As a high school student in Cerritos, California, Victor already knew that he wanted to dedicate his life to service, in particular military service, an ambition that Fong cultivated, as a graduate of the Air Force Academy and long-time recruiter of Asian American talent for the Academy. Victor sought Fong out and in Fong’s words, “focused on me like a heat-seeking missile.” Fong told him that if he were really serious about finding role models and learning about leadership, he should volunteer at the C-100 conference. To Fong’s surprise, not only did Victor put in many hours in Los Angeles, but two years later he took the bus to San Francisco and volunteered again. And, he has come to almost every conference since, if his schedule permitted. Not only would he attend the mentoring sessions but help with them as well.
|Matt Fong mentoring at the Los Angeles conference in 2008|
At conferences, Victor has also acted as “aide-de-camp” to Committee Chair John L. Fugh, retired Major General, U.S. Army, and he has become friends with many other Committee members, including U.S. District Court Judge Ronald Lew and C-100 Governor Henry Tang, each of whom “broadened my horizons on the bigger issues.” “I know those individuals will be there for me, and I’ll be able to give back as well.” Victor finds the conference panels and speeches valuable too: “As a military person, it’s important for me to not lose focus, that there are so many other aspects of international relations and domestic policy issues that affect Americans.”

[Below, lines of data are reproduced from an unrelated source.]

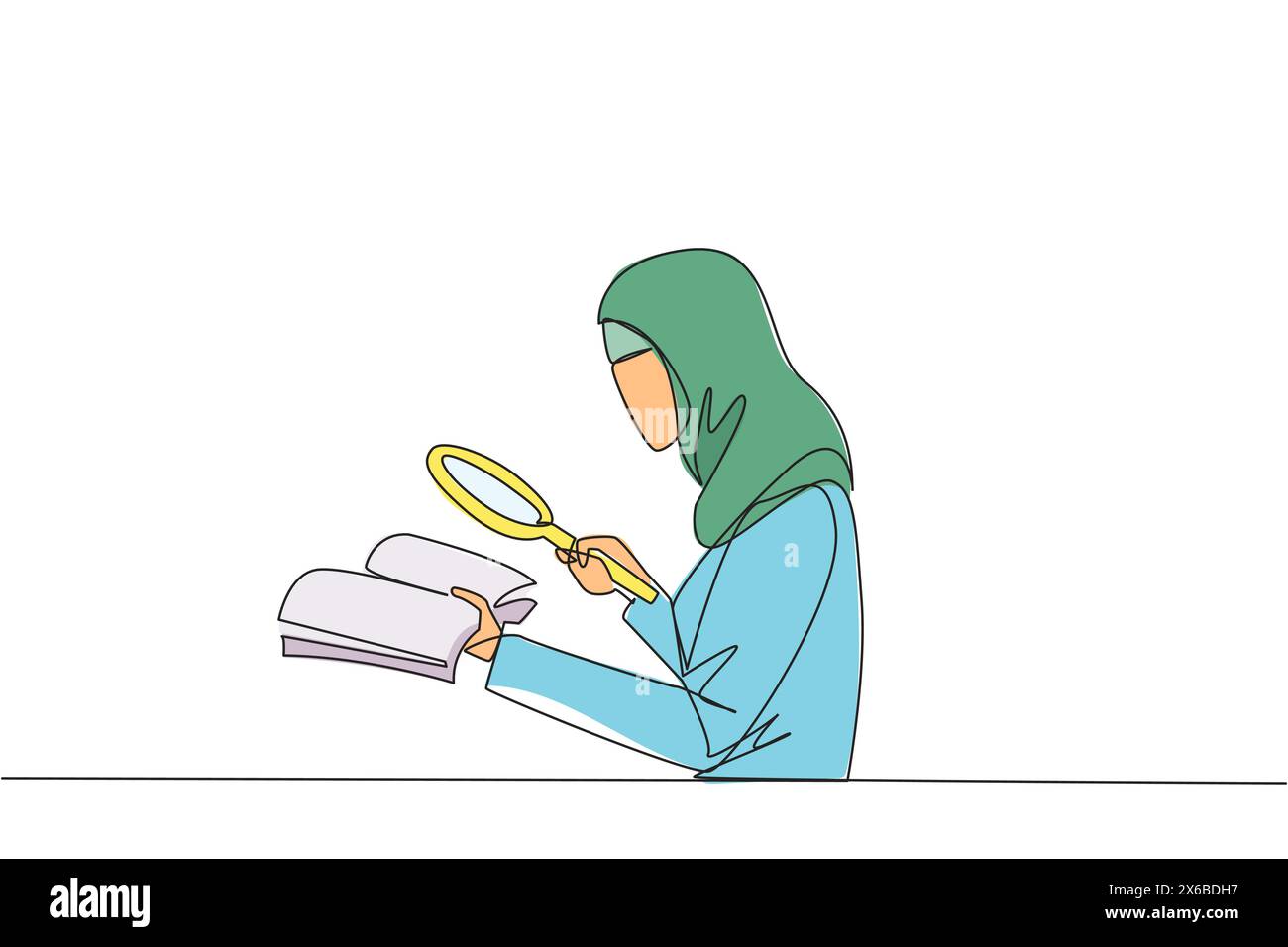 Eine durchgehende Linienzeichnung Arabische Geschäftsfrau hält das Buch und untersucht es mit einer Lupe. Geschäftsfrau liest wissenschaftliche Studien neu, damit sie Stock Vektor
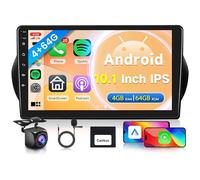 4G+64G Inalámbrico Carplay Android Radio Coche para Fiat Fiorino/Qubo/Citroen Nemo/Peugeot Bippara 2008-2017 10.1 Pulgadas Radio con Android Auto GPS Navi WiFi Bluetooth FM/RDS/32EQ/SWC Cámara Trasera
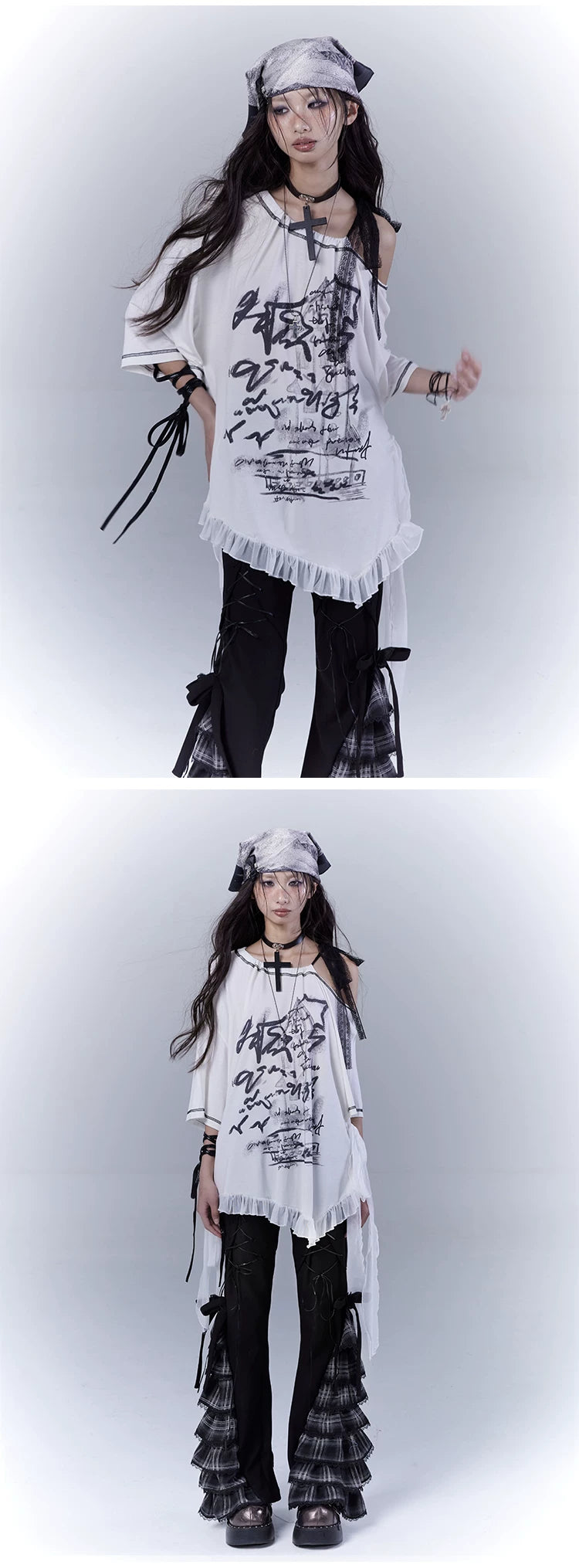 Design Print Sheer Oversize Short Sleeve T-Shirt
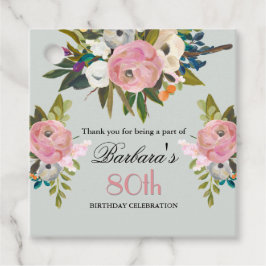 Elegant Favor Tag Floral 80th Birthday  Geschenkanhänger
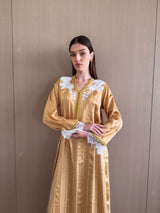 V Neck Kaftan With Morocan Lace and Buttons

Speaking of his identity as a Chinese American, Victor said, “The Committee gave me a deeper understanding of who I was but at the same time how this is actually fitting into the world,” said Victor, who now appreciates why his parents made him go to Chinese School every Saturday, something he remembers hating. He notes that there are very few senior-level Asian American military leaders like General Fugh or General Eric Shinseki, who was Victor’s Leadership Chair for his last two years at West Point. And he pointed out that very few C-100 members have a military background.
Why did Victor put the Committee in his insurance policy? “I’ve dedicated my life to serve, whether in the military or not. But if anything were to happen, I think the Committee of 100 is one of the organizations with the purpose and the mission and strength and ability to deliver dialogue that makes me want to make sure that they’ll be around. Hopefully they’ll use it in a mentorship capacity.” Victor says he lives his life by the quote that “the function of leadership is not to produce more followers but more leaders.” “The Committee of 100 is working toward that with its mentorship program. I’ve had personal benefit from this.”
No wonder Fong says that he’s never had a mentee like Victor, the fiercely determined high school kid he said “jumped in my lap” and “stuck to him like Velcro.” “I’m proud to be one of his mentors and that Victor now mentors other students.” He just wishes Victor had followed him into the Air Force Academy, although Victor’s choice of the Army has meant their annual steak dinners in celebration of the winner of the Air Force-Army football game means that Victor has had to host more often than not.